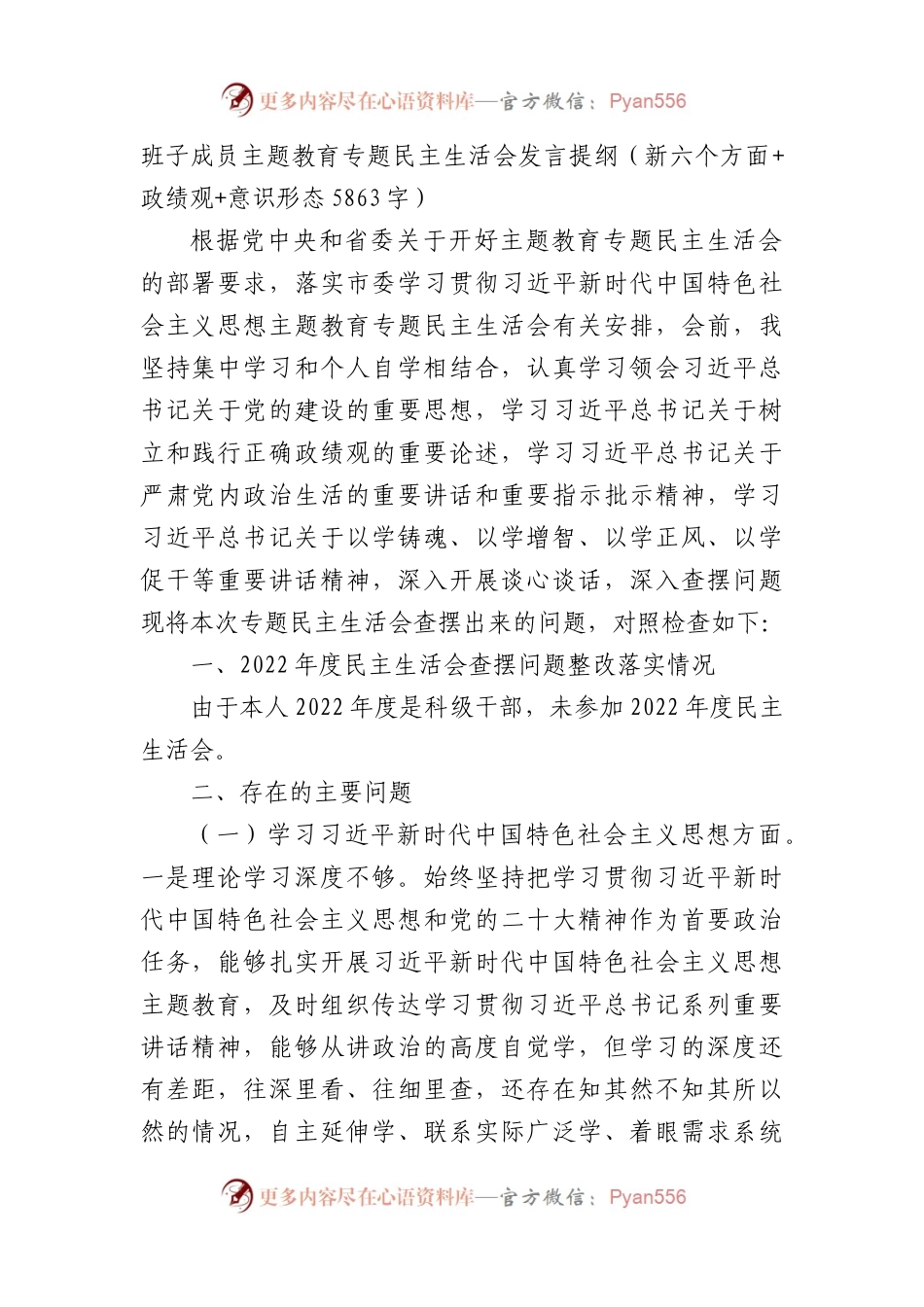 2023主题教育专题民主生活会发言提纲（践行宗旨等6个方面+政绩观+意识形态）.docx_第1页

● ● ● ●

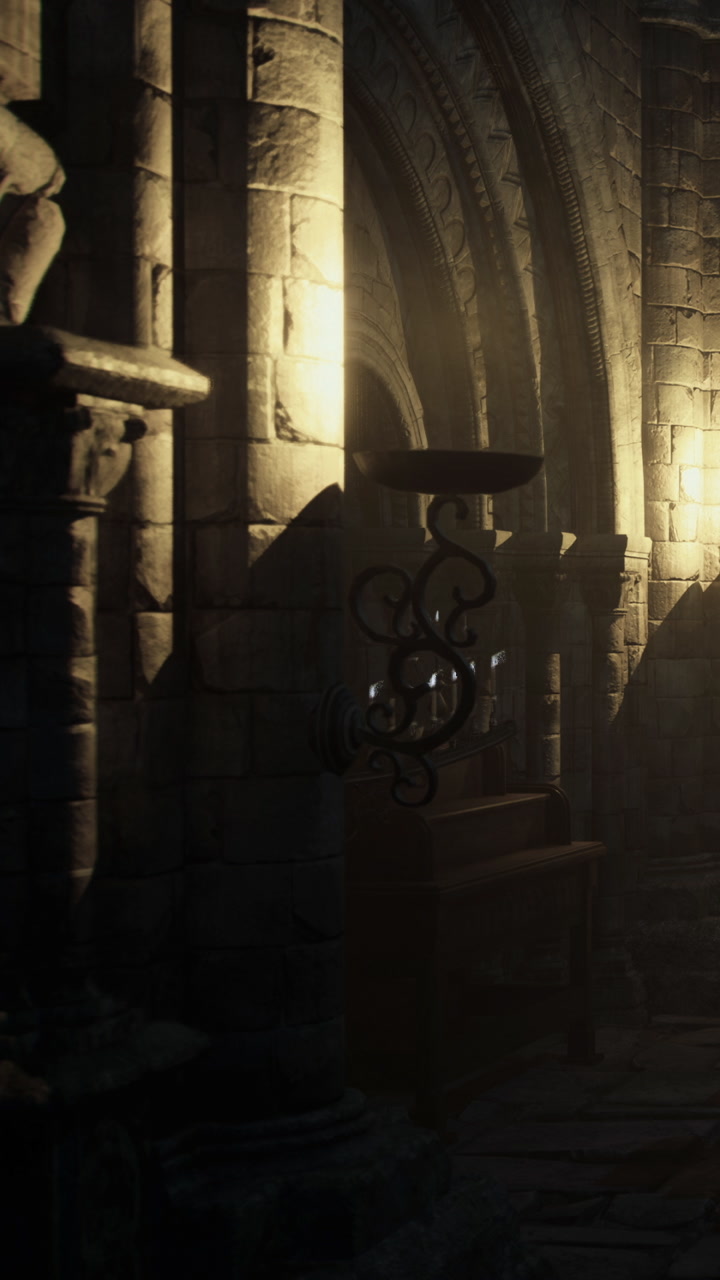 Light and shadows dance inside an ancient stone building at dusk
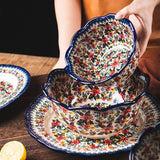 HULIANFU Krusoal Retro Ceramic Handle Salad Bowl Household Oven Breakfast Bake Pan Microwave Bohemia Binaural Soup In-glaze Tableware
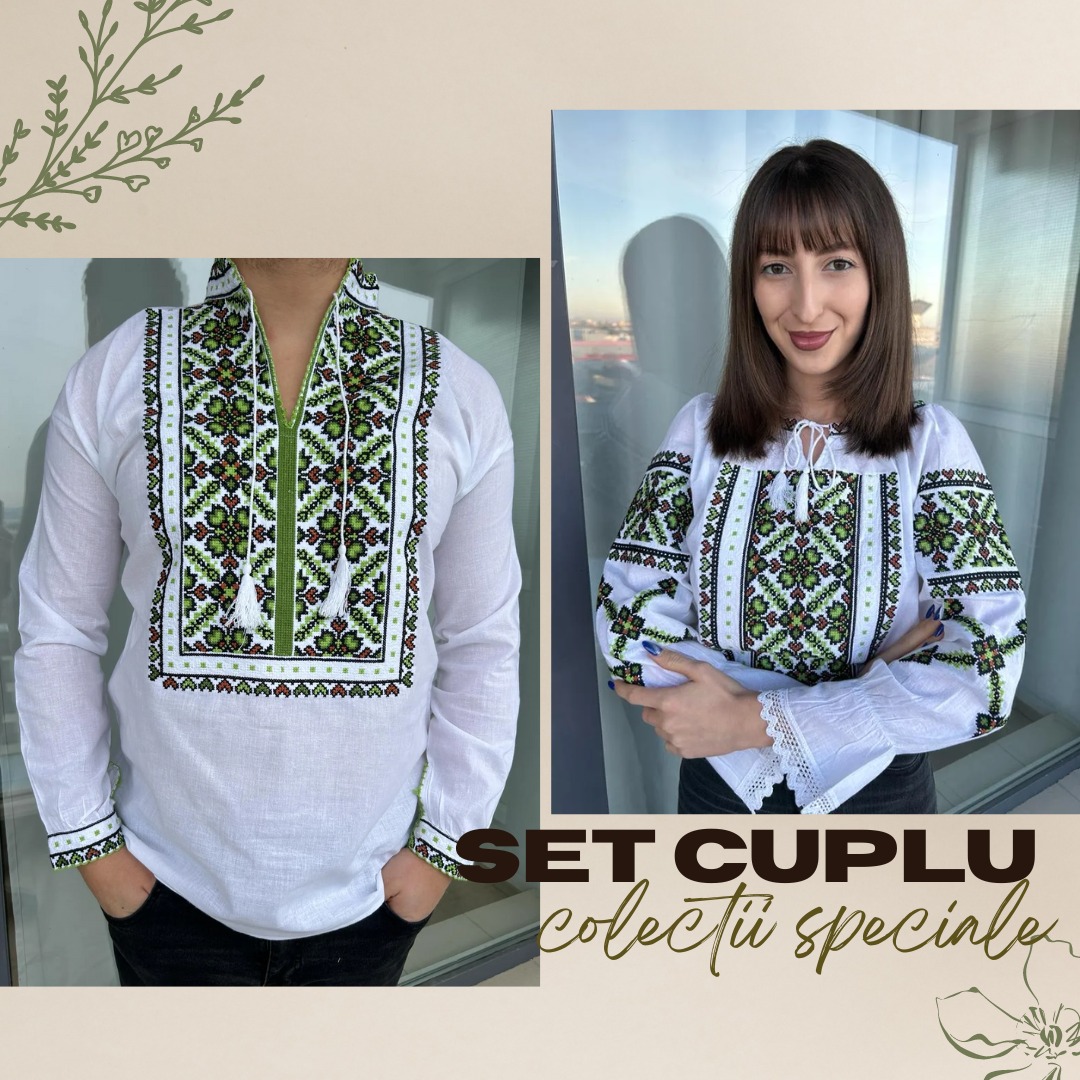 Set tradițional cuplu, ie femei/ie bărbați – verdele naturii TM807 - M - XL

● ● ● ●

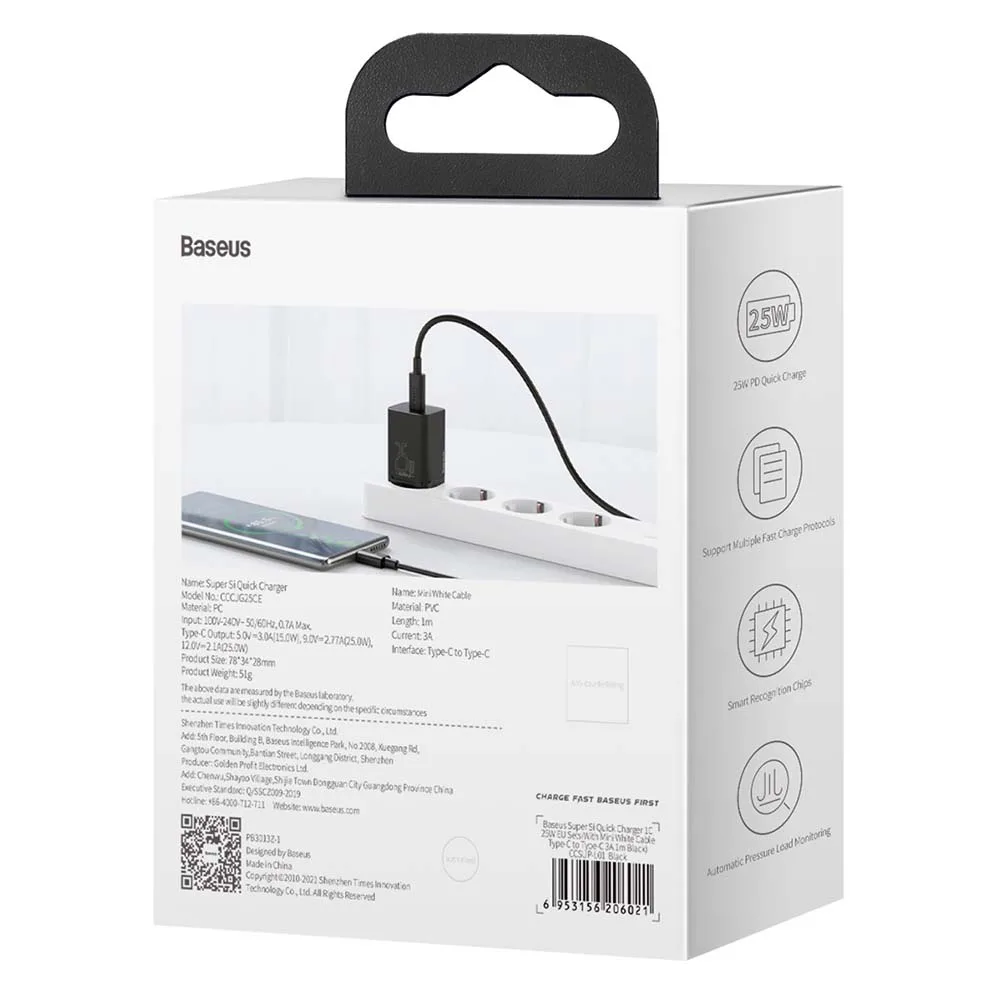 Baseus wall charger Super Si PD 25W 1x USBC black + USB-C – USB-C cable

● ● ● ●

◆ **THE PROBLEM**:
Using the entries above, reproduce word for word only the lines from the one that contains "Light and shadows" to the one that contains "Set tradițional cuplu, ie", both ends included, and drop every picture.

◆ **WRITTEN RESPONSE**:
 Light and shadows dance inside an ancient stone building at dusk
 HULIANFU Krusoal Retro Ceramic Handle Salad Bowl Household Oven Breakfast Bake Pan Microwave Bohemia Binaural Soup In-glaze Tableware
 Set tradițional cuplu, ie femei/ie bărbați – verdele naturii TM807 - M - XL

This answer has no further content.